__Supplied data__
◇ ◇ ◇ ◇ ◇

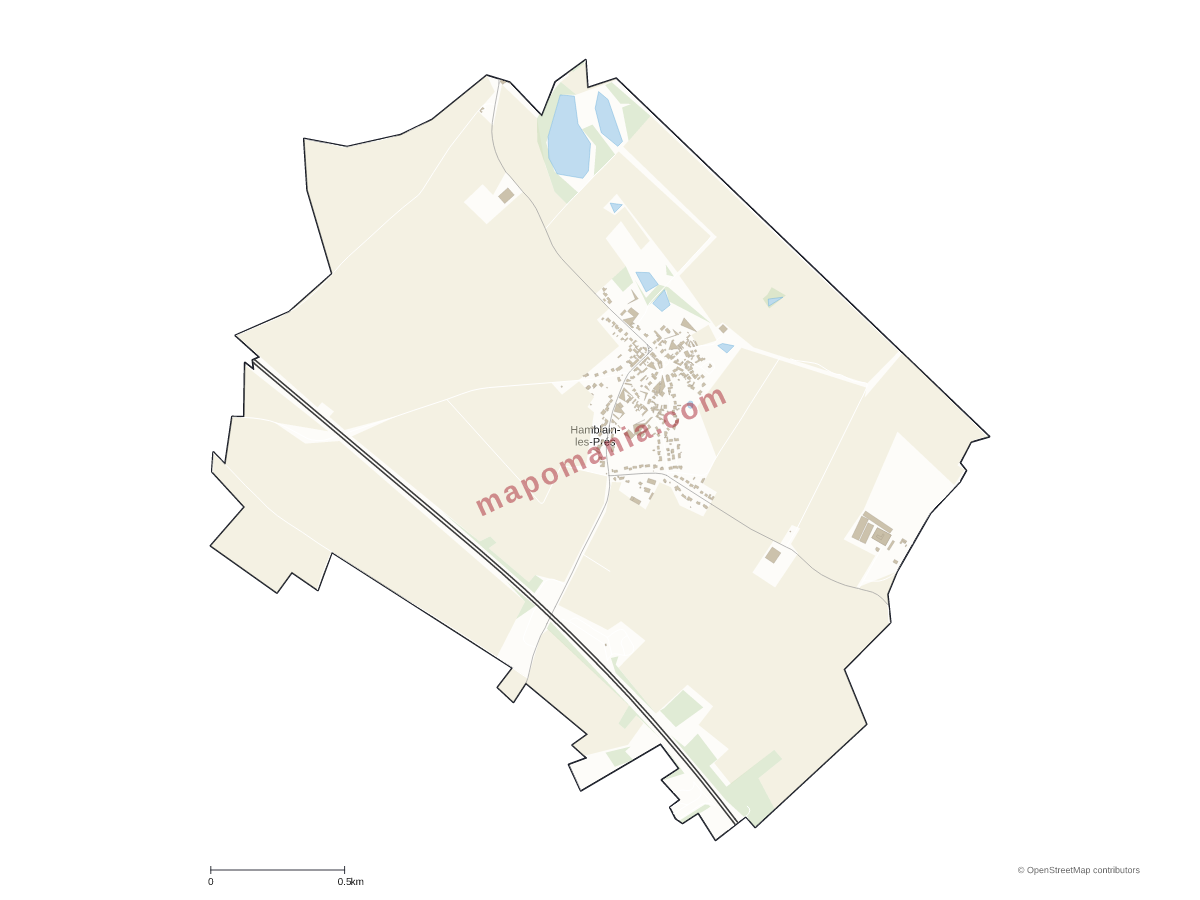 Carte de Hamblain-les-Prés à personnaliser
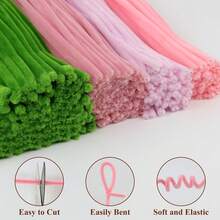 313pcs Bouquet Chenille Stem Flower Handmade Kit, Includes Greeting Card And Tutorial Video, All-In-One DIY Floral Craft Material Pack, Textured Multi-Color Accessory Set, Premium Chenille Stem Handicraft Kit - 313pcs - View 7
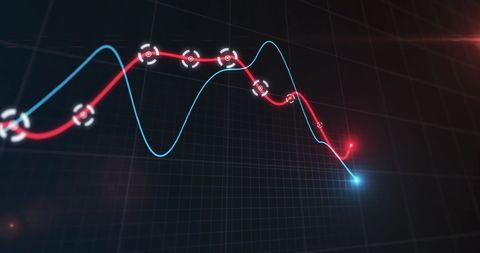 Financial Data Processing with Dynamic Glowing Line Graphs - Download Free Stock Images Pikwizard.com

◇ ◇ ◇ ◇ ◇

__Task requirements__
Leave every picture out. Retype the remaining data exactly.

__Solution__
 Carte de Hamblain-les-Prés à personnaliser
 313pcs Bouquet Chenille Stem Flower Handmade Kit, Includes Greeting Card And Tutorial Video, All-In-One DIY Floral Craft Material Pack, Textured Multi-Color Accessory Set, Premium Chenille Stem Handicraft Kit - 313pcs - View 7
 Financial Data Processing with Dynamic Glowing Line Graphs - Download Free Stock Images Pikwizard.com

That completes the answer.